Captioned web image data

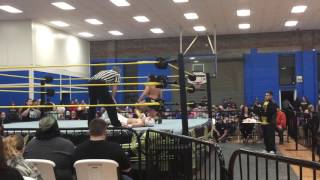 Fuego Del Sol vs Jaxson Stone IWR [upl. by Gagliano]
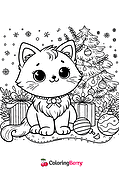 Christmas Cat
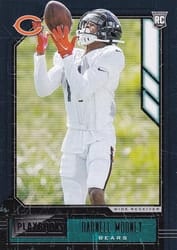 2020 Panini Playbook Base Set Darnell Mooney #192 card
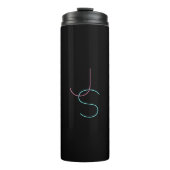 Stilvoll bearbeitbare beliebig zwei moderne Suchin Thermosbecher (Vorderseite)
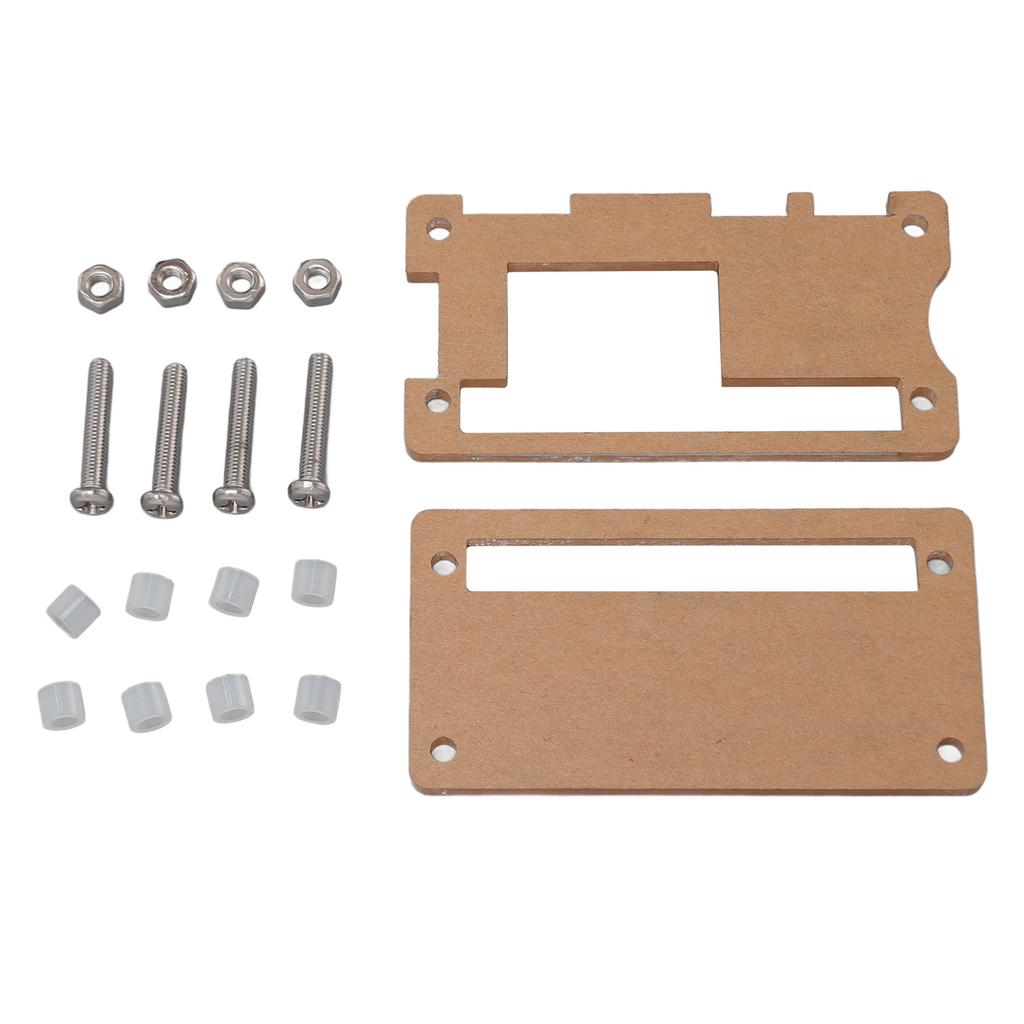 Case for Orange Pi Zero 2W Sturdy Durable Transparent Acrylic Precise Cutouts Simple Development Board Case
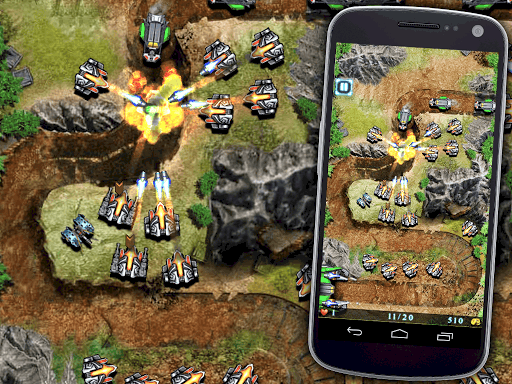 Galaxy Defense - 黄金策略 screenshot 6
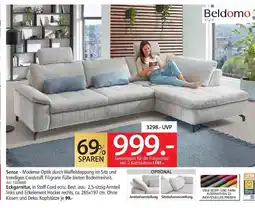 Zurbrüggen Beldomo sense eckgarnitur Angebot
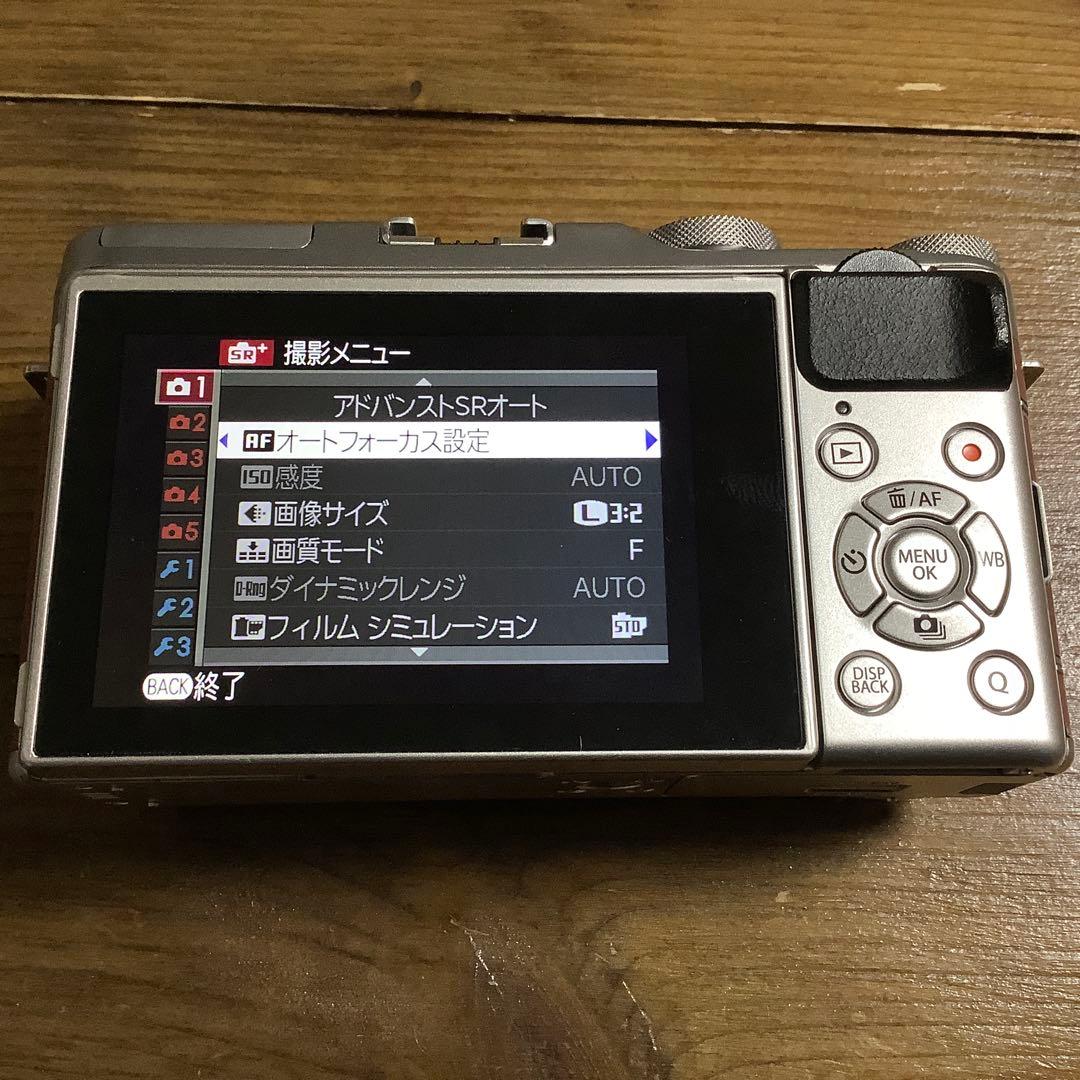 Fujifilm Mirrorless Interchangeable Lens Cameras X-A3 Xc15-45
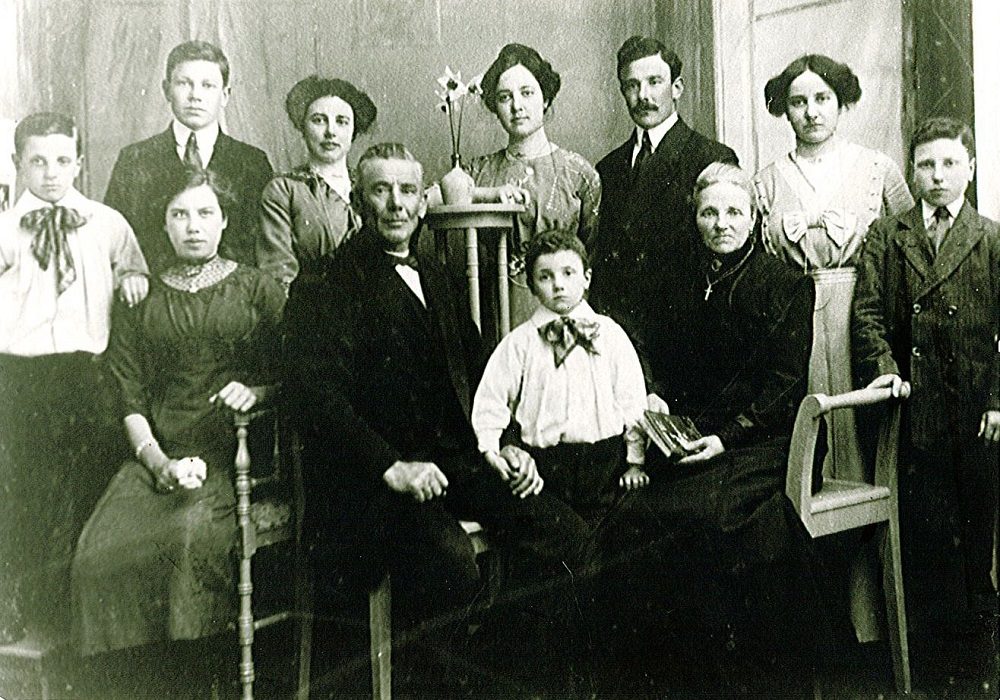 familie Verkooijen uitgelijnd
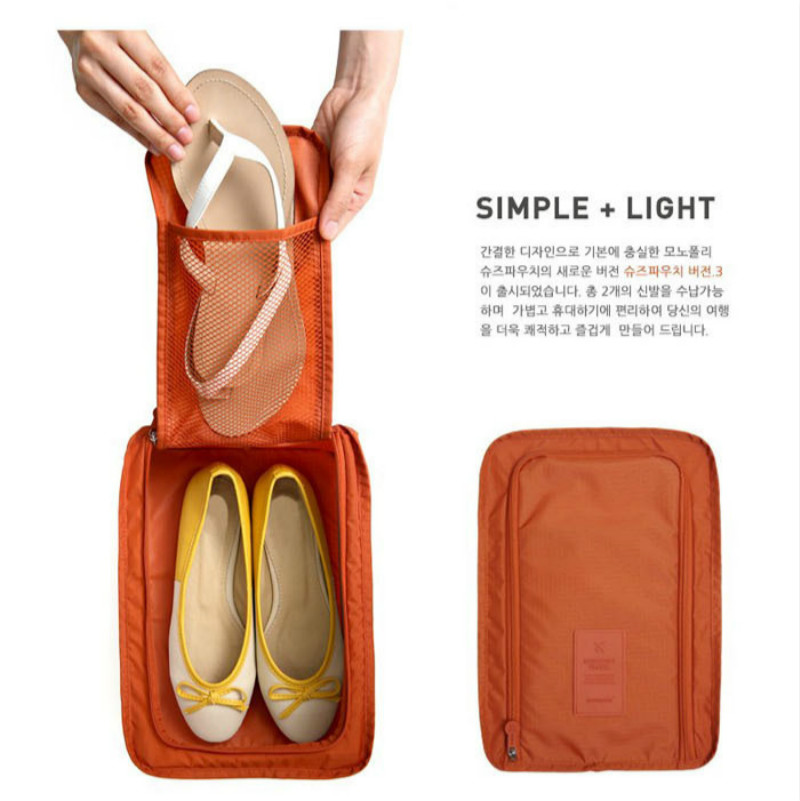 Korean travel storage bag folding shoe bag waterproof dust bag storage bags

* AIM OF THE EXERCISE
An exact copy of the data above is required, printed without its pictures.

* SOLUTION BELOW
 Fuego Del Sol vs Jaxson Stone IWR [upl. by Gagliano]
 Christmas Cat
 2020 Panini Playbook Base Set Darnell Mooney #192 card
 Stilvoll bearbeitbare beliebig zwei moderne Suchin Thermosbecher (Vorderseite)
 Case for Orange Pi Zero 2W Sturdy Durable Transparent Acrylic Precise Cutouts Simple Development Board Case
 Galaxy Defense - 黄金策略 screenshot 6
 Zurbrüggen Beldomo sense eckgarnitur Angebot
 Fujifilm Mirrorless Interchangeable Lens Cameras X-A3 Xc15-45
 familie Verkooijen uitgelijnd
 Korean travel storage bag folding shoe bag waterproof dust bag storage bags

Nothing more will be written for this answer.